━━━━━ Data to use

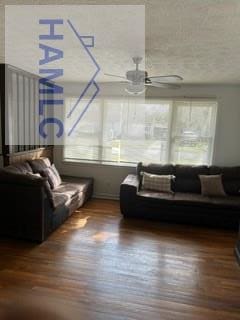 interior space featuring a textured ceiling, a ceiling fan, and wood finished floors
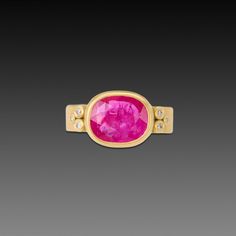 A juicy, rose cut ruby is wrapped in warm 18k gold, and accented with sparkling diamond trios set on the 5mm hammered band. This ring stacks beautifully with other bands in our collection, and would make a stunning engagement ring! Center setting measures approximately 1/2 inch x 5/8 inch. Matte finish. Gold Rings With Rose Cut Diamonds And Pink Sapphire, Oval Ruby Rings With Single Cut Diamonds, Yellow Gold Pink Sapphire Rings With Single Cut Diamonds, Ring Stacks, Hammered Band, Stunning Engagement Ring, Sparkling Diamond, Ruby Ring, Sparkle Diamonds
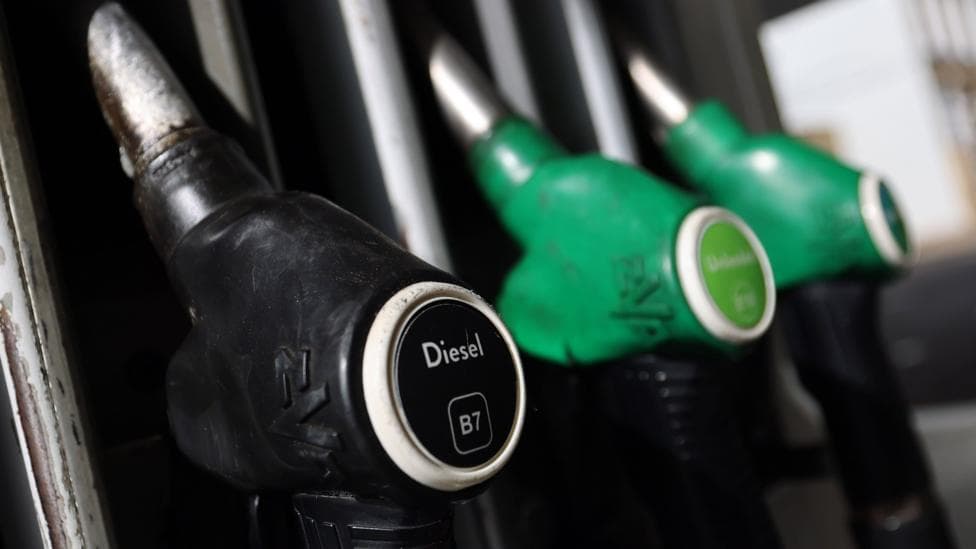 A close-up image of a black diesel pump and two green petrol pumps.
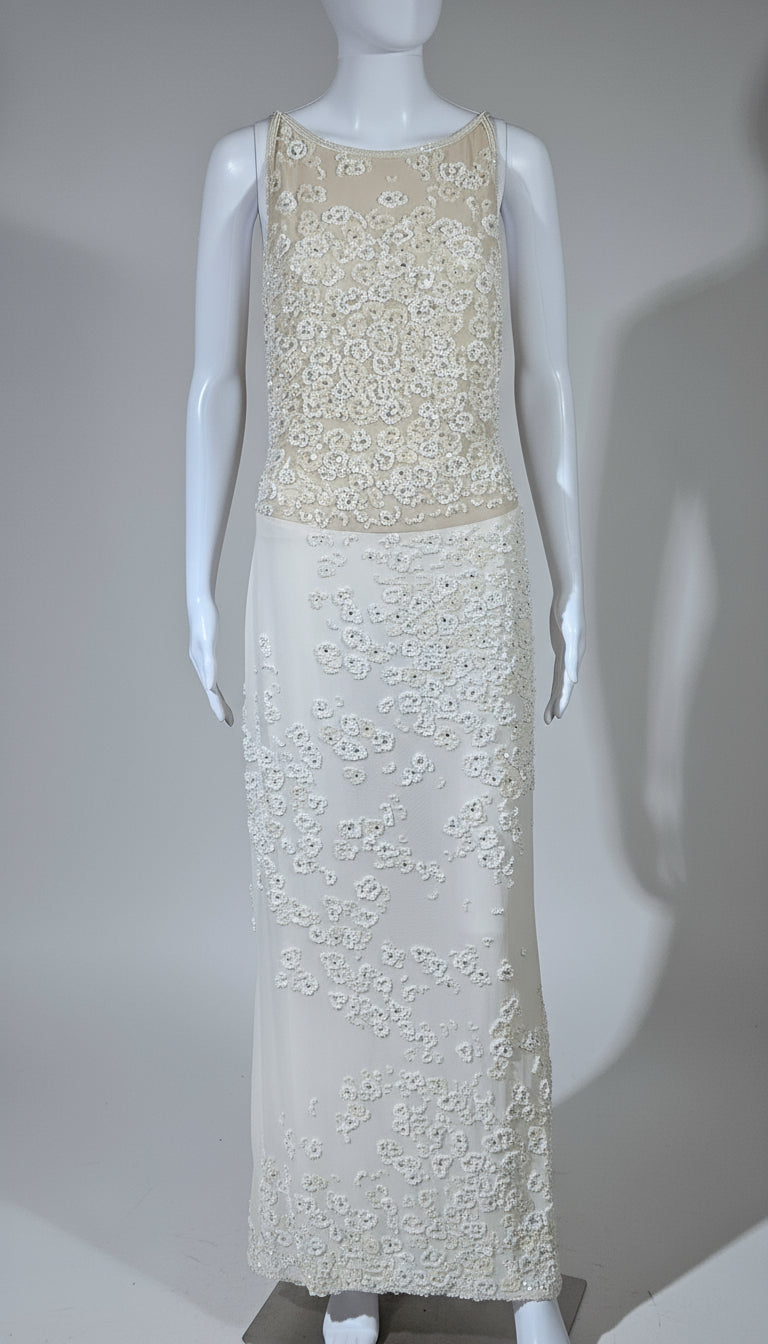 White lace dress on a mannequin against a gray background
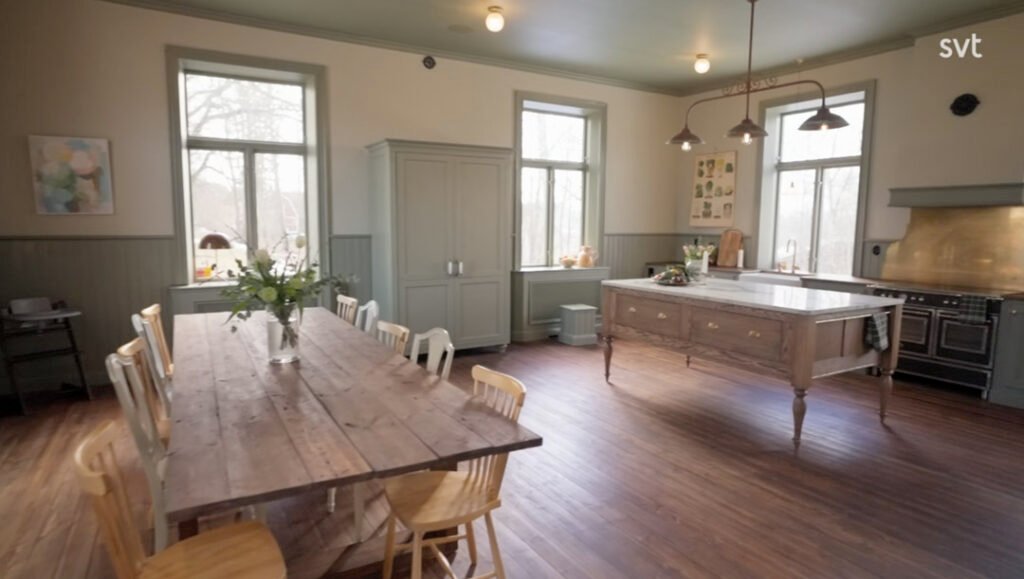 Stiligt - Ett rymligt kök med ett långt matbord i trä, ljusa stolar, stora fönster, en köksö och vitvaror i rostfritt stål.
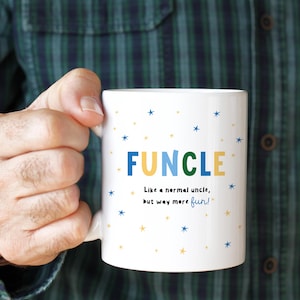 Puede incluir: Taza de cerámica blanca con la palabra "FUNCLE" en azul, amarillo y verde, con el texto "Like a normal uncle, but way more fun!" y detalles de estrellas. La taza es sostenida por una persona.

━━━━━━━━━━

**Task statement**
Images are to be skipped, and each line above is to be returned exactly.

**Answer to the exercise**
 interior space featuring a textured ceiling, a ceiling fan, and wood finished floors
 A juicy, rose cut ruby is wrapped in warm 18k gold, and accented with sparkling diamond trios set on the 5mm hammered band. This ring stacks beautifully with other bands in our collection, and would make a stunning engagement ring! Center setting measures approximately 1/2 inch x 5/8 inch. Matte finish. Gold Rings With Rose Cut Diamonds And Pink Sapphire, Oval Ruby Rings With Single Cut Diamonds, Yellow Gold Pink Sapphire Rings With Single Cut Diamonds, Ring Stacks, Hammered Band, Stunning Engagement Ring, Sparkling Diamond, Ruby Ring, Sparkle Diamonds
 A close-up image of a black diesel pump and two green petrol pumps.
 White lace dress on a mannequin against a gray background
 Stiligt - Ett rymligt kök med ett långt matbord i trä, ljusa stolar, stora fönster, en köksö och vitvaror i rostfritt stål.
 Puede incluir: Taza de cerámica blanca con la palabra "FUNCLE" en azul, amarillo y verde, con el texto "Like a normal uncle, but way more fun!" y detalles de estrellas. La taza es sostenida por una persona.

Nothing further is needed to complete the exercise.